**Study material:**
• • • • • • •

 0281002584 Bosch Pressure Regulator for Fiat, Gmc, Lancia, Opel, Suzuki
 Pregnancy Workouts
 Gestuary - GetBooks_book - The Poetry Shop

• • • • • • •

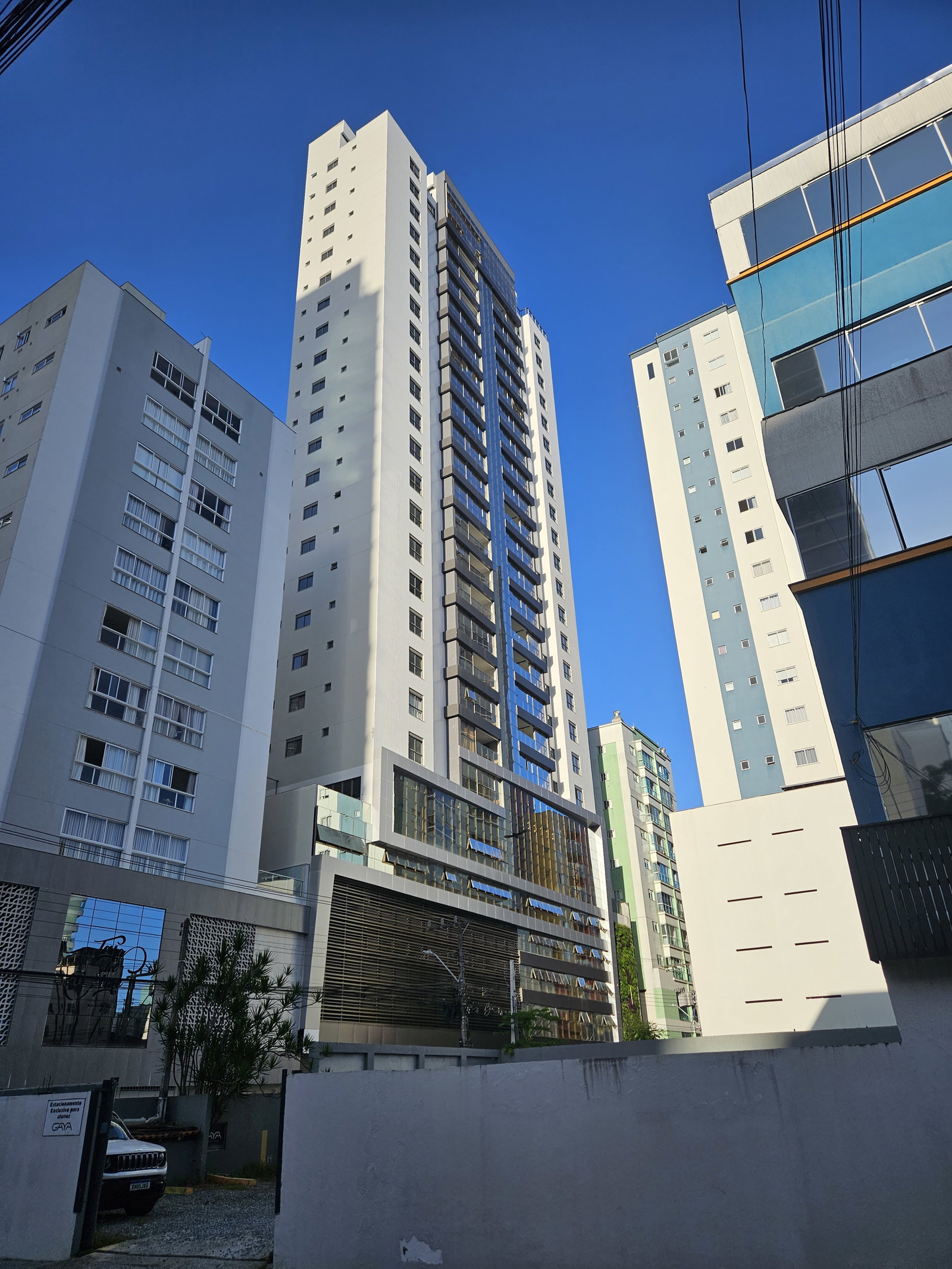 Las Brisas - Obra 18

• • • • • • •

**What this task involves:** Your task is to restate, word for word, only those lines above that fall between the line holding "Pregnancy Workouts" and the line holding "Gestuary - GetBooks_book - The Poetry Shop", inclusive.

**Answer for the task:**
 Pregnancy Workouts
 Gestuary - GetBooks_book - The Poetry Shop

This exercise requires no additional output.